Fig. 3: Performance comparison of treatment outcome prediction for the sertraline and placebo arms using different training and testing strategies.
figure 3

Blue and orange represent sertraline and placebo arms respectively. fMRI, training and testing using fMRI only. EEG, training and testing using alpha EEG only. MultimodalfMRI, training with multimodal data and testing with fMRI. Multimodal\({{{\boldsymbol{\to }}}}\)EEG, training with multimodal data and testing with alpha EEG. Multimodal, training and testing using multimodal data.

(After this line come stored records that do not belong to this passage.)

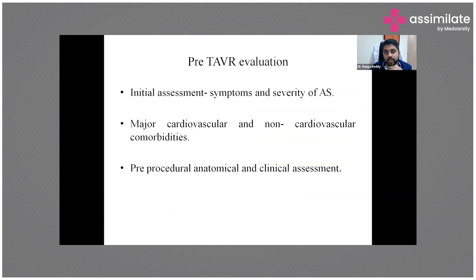For pre-TAVR evaluation: symptom assessment and severity of aortic stenosis via 2D echocardiography are essential. Major cardiovascular and non-cardiovascular comorbidities must be evaluated. Because the sheath and device are bulky and must travel through the femoral artery to the aorta, a thorough pre-procedural anatomical and clinical assessment is required before initiating the procedure.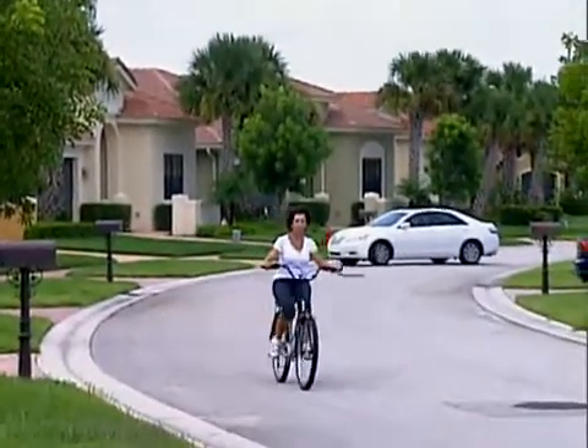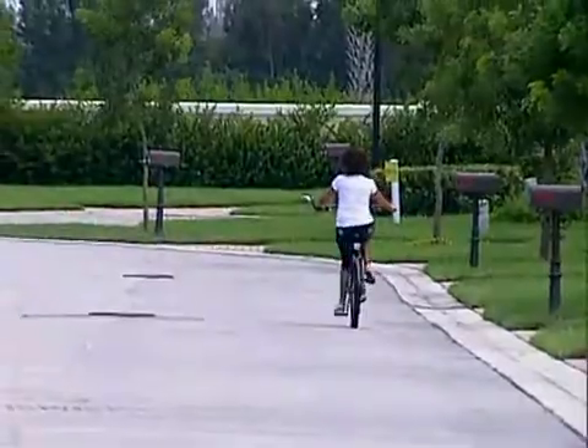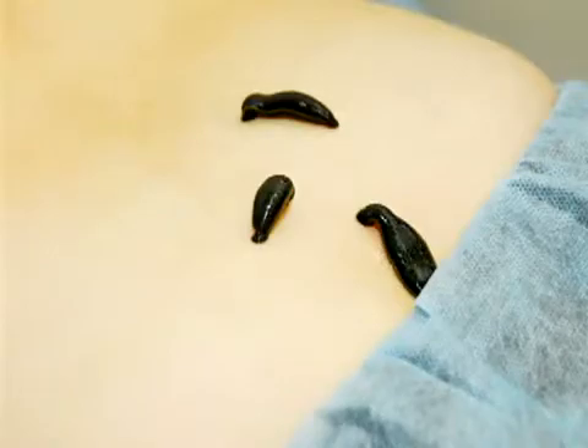Today, when you see Myrna riding her bike through the neighborhood, it's hard to believe what she went through. This is gross, but I had leeches put all over. And I would sit there in his office for maybe two, three hours, whatever it took. And trust me, I didn't feel anything.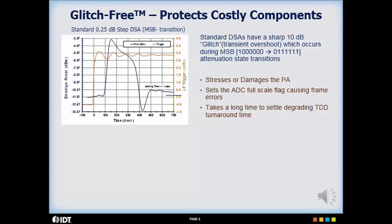This glitch can result in a damaged power amplifier when used in a transmitter, or in frame errors caused by saturating the ADC input when used in a receiver. TDD turnaround time is increased due to the resulting settling time.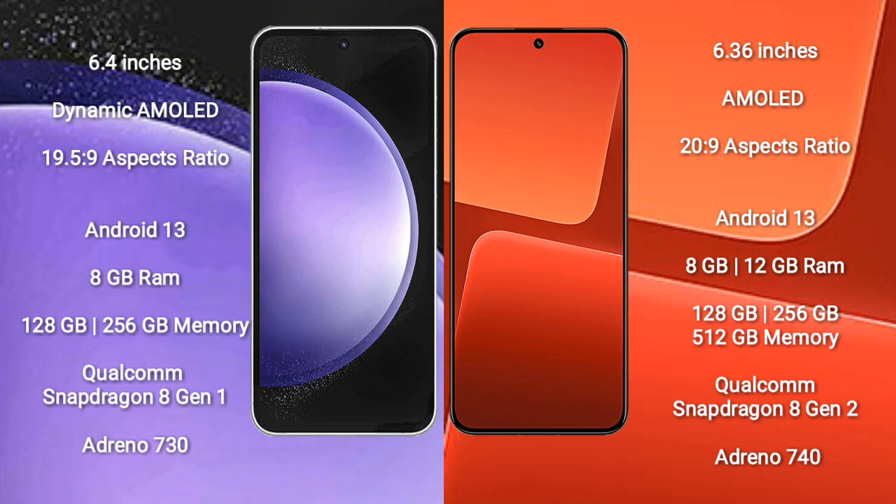Samsung Galaxy S23 FE comes with 8GB RAM and 128GB to 256GB internal storage. It is powered by the Qualcomm Snapdragon 8 Gen 1 processor and Adreno 730 GPU.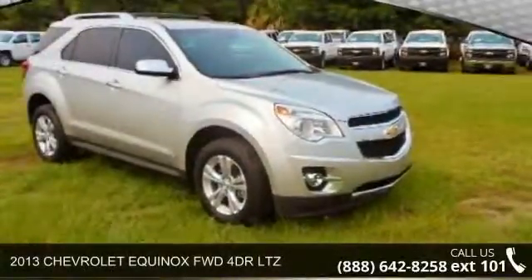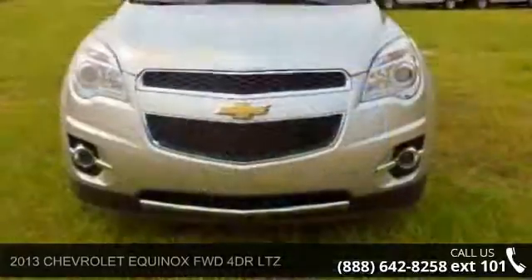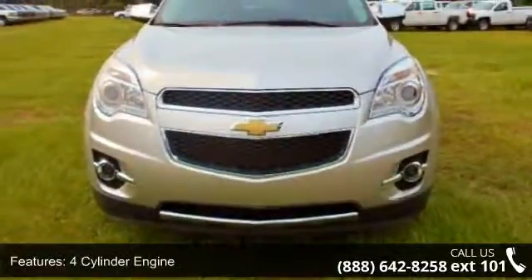Presenting the 2013 Chevrolet Equinox. This may be the set of wheels you've been looking for. This vehicle's top features include a 4-cylinder engine.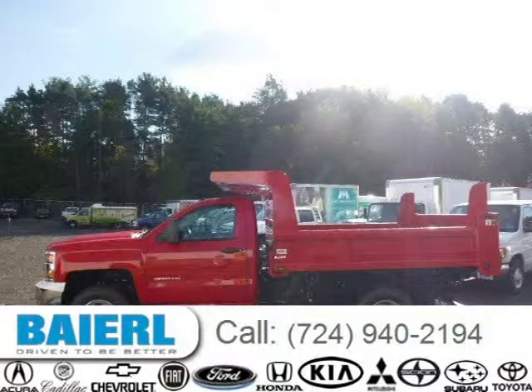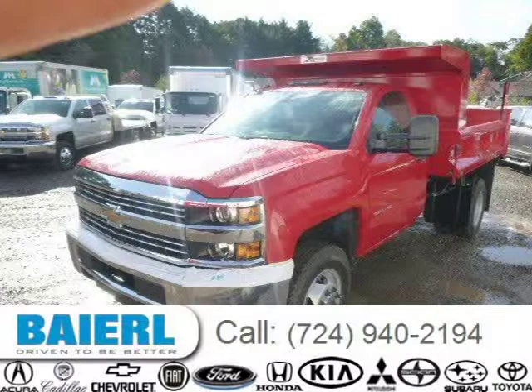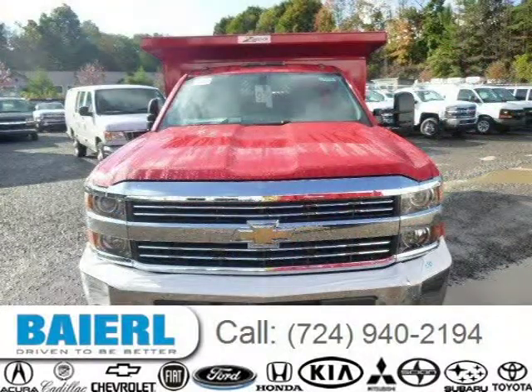This 2015 Chevrolet Silverado 3500 HD chassis is located in Weckford, Pennsylvania and has 3 miles on it. This Chevrolet Silverado 3500 HD chassis has a beautiful victory red exterior paint color which is complemented by a summit white interior color.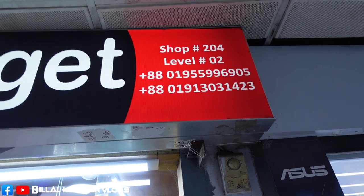So guys, what is this? It's very special. Alhamdulillah. Jahid, my address and phone number will be available in the video description box. So guys, let's start this video.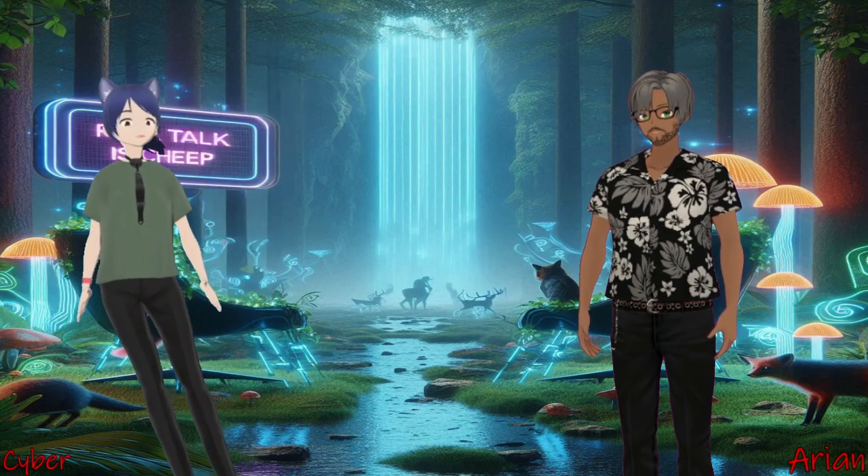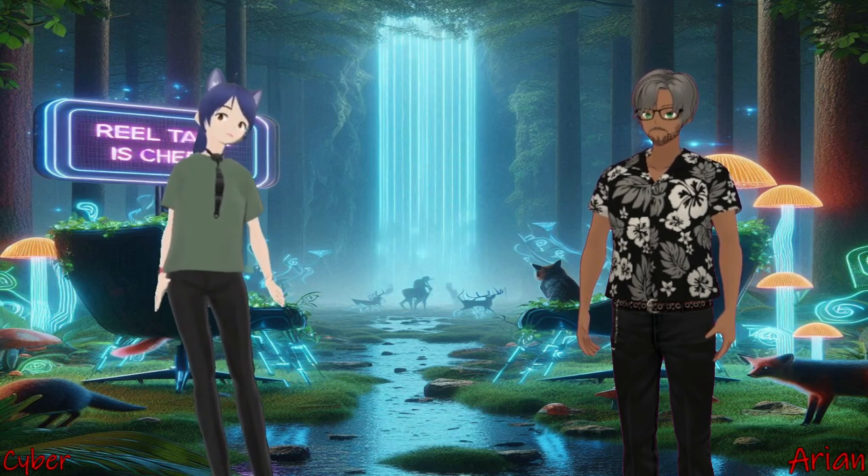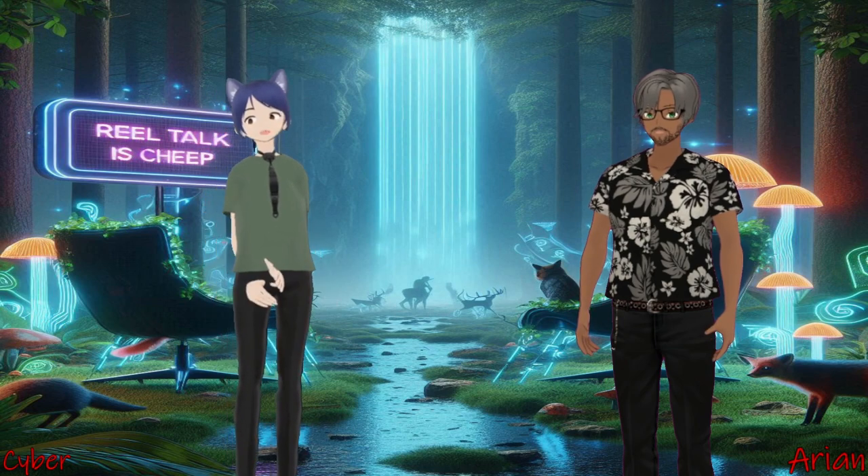Frothy frog egg. Just get that special foam, just get the top lip. People love it, coming from around the world just to have that frog in it.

Considering the challenges and costs of collecting both fMRI and EEG data in real-world clinical settings, we also aim to adapt our multimodal model for patients who only have unimodal neuroimaging. Our model maximizes correlation, suggesting that the latent features derived from fMRI and EEG reflect similar brain patterns while providing complementary information for treatment prediction. We trained a standalone multilayer perceptron (MLP) regressor, half the size of the original multimodal model’s MLP, using the latent features from both modalities in the training set. This allows us to use the corresponding latent features from one side of the GNN pipeline for patients with only unimodal neuroimaging, inputting them directly into the reduced MLP to generate predictions, without needing to concatenate features from the other modality. Figure 3 shows the results of training with both modalities and testing with either fMRI or alpha EEG. The data splitting and random seeds for model parameter initialization were kept identical to previous settings to ensure a fair comparison and avoid data leakage. Although predictive performance was lower with fMRI, alpha EEG yielded results only slightly inferior to multimodal prediction. This suggests that alpha EEG played a dominant role during training, with fMRI providing supplementary information. In other words, multimodal fusion provided the best predictive performance for new patients. Unimodal prediction, such as using only alpha EEG, could be improved when informed by multimodal signatures, indicating its promising clinical application value due to its much lower cost. However, it is important to note that this phenomenon may be case-specific; different training data could result in EEG not always being dominant.

Treatment outcome-predictive brain regions

The ROI’s importance is presented in Fig. 4 through circular barplots. The Schaefer atlas [38] parcellated the 100 ROIs into seven spatially distributed functional networks, including visual network (VN), somatomotor network (SMN), dorsal attention network (DAN), ventral attention network (VAN), limbic network (LN), frontoparietal control network (FPCN), and default mode network (DMN). The radar chart in the center of the figure calculates the average ROI importance in each functional network, reflecting the importance at the network level. The most salient 20 ROIs with the highest weights are visualized on the cerebral cortex in Fig. 5a.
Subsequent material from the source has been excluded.